Tres años después de Weber, Carl Schmitt acuñó una definición lapidaria del concepto de soberanía: soberano es quien decide sobre el estado de excepción. Mucho más tarde, aterrado por la infamia de Guantánamo, Giorgio Agamben retomaría las ideas de Schmitt para definir el totalitarismo moderno. Vivimos en un estado de excepción perpetuo, al menos desde que George W. Bush autorizó las detenciones indefinidas bajo la coartada del antiterrorismo. Los detenidos durante la «guerra contra el terror», dice Agamben, son seres vivos sin entidad jurídica casi a la misma altura que los prisioneros de Auschwitz.

En los periódicos, los titulares de otras latitudes se entreveran con noticias más cercanas. El viernes, el Gobierno de Navarra hizo oficial el reconocimiento de dos víctimas de la tortura. El primero es el sindicalista Alberto Goñi. Lo arrestaron en cinco ocasiones durante sus tiempos mozos. Cuenta que a los catorce años la Policía española le clavó una paliza de escalofrío.
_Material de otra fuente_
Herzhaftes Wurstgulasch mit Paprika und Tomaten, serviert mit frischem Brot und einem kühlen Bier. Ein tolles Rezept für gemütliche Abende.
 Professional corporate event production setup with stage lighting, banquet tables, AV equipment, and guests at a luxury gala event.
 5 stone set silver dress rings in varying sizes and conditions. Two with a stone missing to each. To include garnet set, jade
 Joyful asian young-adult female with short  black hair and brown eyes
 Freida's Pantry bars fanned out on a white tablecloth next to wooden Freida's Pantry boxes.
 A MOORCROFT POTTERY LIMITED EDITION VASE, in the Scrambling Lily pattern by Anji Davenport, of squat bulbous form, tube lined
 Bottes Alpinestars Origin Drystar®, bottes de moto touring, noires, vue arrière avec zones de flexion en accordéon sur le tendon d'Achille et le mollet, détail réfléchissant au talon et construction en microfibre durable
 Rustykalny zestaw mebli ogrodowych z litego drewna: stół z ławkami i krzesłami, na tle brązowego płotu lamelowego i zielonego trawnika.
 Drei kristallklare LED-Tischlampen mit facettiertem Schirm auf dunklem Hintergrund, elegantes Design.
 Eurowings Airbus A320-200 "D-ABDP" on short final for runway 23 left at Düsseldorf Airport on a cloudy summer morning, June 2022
Que la Guardia Civil lo hostigaba. Que le pusieron una pistola en la cabeza. La segunda víctima oficial es Joxe Aldasoro, que pasó en 2010 por el despacho de Fernando Grande-Marlaska y que ha encauzado sus recuerdos a través de la literatura. «No hablamos de la tortura porque no somos capaces», decía en las páginas de “Berria”.

Hay un hilo de sombra que une la bahía de Guantánamo con el torturadero de Intxaurrondo, con las dependencias madrileñas de la DGS y con la reputación tenebrosa de Tres Cantos. Es verdad que la doctrina antiterrorista de Bush ahondó en la excepción vasca tras el 11-S. Que la retórica securitaria abrió las puertas a nuevos delirios punitivos en nombre de la legítima defensa. Pero en España, los poderes del Estado siempre generaron zonas de excepción por iniciativa propia. ¿Qué es la detención incomunicada sino un agujero negro donde el arrestado pierde por varios días su estatus de ciudadano? ¿Cuántos vascos han quedado atrapados en el limbo de la prisión provisional? ¿Cuántos años de cárcel sumamos sin delito o sin condena?

«Sospechoso y con el agravante de ser salvadoreño», escribía el poeta Roque Dalton. Los carceleros de Mohammed Abdul Malik Bajabu son los mismos que en Madrid firmaron las leyes de excepción que han expandido las cárceles y han hecho posible la tortura. Los mismos que miraban hacia otro lado cuando los detenidos pasaban hechos un guiñapo por los despachos de los jueces instructores. Hay ciudadanos que siempre han sido sospechosos de todo para el poder soberano. A veces con el agravante de ser vascos. Es relevante que ahora nos reconozcan. Pero lo más importante es que nunca dejemos de reconocernos.